Miliband and Balls: inevitable Ed-ache for Labour?

As Alan Johnson leaves his post as Shadow Chancellor and Ed Balls replaces him, political commentator Lance Price ponders the compatibility of the Brownite and Labour leader Ed Miliband.

Two Eds better than one? - Getty

David Cameron and Ed Miliband don’t agree on much, but they agree on this: neither man wanted Ed Balls to be Shadow Chancellor.

The prime minister knows that Balls’ intellect and knowledge of the subject will make him a formidable opponent of the government’s economic policy. He will go on the attack on rising inflation and unemployment, falling living standards and sluggish economic growth. Indeed he already has. Ministers will do their best to blunt that attack by claiming Balls is weak on the deficit and out of line with his own leader.

Curiously, Miliband didn’t want him as shadow chancellor for similar reasons. Balls was his senior when they both worked for Gordon Brown. His experience will mean he’s much harder to keep in line than the outgoing Alan Johnson. And, having seen him at work from close quarters, Miliband knows Balls is not a good team player and is ferociously ambitious on his own behalf.

The two men can smooth over their differences on how fast to cut the deficit, at least in the short term. But Balls will want to decide Labour‘s overall economic strategy and won’t take kindly to Miliband thinking he knows better. So for the Labour leader, two Eds are definitely not better than one.

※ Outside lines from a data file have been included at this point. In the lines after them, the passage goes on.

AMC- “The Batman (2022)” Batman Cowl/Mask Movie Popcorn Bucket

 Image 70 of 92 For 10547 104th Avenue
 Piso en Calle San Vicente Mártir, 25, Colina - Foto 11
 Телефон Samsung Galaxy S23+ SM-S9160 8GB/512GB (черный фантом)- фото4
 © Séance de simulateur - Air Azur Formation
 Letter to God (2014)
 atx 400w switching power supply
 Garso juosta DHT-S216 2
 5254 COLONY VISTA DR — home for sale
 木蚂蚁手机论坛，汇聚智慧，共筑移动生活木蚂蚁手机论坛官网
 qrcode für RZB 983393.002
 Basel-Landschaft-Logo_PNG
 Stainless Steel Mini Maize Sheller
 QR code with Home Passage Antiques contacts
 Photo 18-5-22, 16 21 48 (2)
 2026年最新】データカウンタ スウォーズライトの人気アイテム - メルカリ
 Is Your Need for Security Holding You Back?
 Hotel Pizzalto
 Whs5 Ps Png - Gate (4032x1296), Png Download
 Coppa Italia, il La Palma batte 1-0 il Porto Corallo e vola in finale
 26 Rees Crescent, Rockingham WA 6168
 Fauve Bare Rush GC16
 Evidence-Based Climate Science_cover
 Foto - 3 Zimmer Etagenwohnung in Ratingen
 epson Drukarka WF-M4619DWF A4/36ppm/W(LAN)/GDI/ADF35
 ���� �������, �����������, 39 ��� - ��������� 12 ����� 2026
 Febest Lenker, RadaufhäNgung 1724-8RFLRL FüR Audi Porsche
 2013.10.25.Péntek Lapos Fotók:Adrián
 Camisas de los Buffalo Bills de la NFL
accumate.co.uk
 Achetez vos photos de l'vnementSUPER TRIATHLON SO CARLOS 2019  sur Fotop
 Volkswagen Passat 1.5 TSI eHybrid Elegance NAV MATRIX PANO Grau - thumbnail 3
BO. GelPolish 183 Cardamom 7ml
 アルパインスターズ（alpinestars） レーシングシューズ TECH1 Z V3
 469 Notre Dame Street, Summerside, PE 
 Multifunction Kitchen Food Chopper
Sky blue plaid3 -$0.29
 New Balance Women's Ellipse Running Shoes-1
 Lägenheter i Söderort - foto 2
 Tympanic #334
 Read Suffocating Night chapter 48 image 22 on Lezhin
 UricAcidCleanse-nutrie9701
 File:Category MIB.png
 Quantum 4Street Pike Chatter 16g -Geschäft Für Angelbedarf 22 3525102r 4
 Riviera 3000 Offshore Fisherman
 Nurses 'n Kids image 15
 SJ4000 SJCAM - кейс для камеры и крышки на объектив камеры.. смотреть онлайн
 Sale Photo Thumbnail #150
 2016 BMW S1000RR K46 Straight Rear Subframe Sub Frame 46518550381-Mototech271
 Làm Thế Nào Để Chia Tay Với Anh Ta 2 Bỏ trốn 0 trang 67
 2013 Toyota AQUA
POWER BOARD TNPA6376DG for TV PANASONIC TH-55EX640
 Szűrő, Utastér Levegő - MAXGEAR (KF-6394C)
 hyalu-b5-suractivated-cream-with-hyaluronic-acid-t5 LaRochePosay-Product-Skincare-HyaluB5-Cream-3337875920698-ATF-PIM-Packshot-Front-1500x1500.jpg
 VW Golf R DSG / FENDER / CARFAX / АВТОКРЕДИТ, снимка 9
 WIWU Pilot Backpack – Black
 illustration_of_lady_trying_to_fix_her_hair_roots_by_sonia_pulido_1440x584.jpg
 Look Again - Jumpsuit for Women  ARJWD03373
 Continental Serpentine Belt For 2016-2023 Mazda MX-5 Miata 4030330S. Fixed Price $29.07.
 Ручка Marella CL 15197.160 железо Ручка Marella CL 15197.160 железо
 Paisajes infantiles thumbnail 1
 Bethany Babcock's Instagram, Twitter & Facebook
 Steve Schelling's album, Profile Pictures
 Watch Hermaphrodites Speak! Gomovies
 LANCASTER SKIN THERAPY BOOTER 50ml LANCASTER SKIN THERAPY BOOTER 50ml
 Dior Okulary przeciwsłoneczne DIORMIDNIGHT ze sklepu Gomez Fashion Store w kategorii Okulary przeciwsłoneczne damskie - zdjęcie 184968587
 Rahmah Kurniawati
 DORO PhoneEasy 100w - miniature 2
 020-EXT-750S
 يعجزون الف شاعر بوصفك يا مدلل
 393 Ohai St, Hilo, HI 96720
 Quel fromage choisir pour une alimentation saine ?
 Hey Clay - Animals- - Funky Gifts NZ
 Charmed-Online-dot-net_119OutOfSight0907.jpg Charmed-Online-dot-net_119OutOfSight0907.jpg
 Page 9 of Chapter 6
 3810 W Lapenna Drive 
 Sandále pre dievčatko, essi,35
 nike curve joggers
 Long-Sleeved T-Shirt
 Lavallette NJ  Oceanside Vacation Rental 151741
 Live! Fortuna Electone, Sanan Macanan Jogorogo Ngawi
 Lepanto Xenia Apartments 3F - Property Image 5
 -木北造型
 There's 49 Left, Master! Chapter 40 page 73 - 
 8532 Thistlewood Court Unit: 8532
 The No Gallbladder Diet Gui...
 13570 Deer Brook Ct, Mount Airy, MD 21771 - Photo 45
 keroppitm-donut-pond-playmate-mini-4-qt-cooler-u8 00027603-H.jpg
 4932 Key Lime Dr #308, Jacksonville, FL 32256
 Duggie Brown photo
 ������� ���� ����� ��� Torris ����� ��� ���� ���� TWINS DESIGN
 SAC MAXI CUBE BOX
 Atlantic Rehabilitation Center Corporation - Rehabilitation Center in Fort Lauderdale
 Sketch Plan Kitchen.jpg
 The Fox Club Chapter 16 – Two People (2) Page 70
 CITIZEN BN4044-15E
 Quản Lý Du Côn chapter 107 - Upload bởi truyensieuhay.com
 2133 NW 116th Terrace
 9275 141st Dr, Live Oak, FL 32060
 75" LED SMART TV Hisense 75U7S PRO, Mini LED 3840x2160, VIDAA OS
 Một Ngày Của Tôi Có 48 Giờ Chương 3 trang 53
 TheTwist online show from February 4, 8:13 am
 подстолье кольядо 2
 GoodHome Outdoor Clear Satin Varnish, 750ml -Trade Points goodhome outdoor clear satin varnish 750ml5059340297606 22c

When leader and economic spokesman are at odds it spells trouble for any party. Labour knows this all too well. The Blair-Brown feuds were terrible and while the Brown-Darling rows were less public they were still bitter and painful.

The only hope is if Balls shows some uncharacteristic humility. He has to remember that his job is to shadow the chancellor not over-shadow his leader. Having actively encouraged Brown’s disloyalty to Blair and seen the damage it did, he needs to learn the lessons and show total loyalty himself.

If he does then it will be David Cameron and George Osborne who come to regret Alan Johnson’s resignation the most.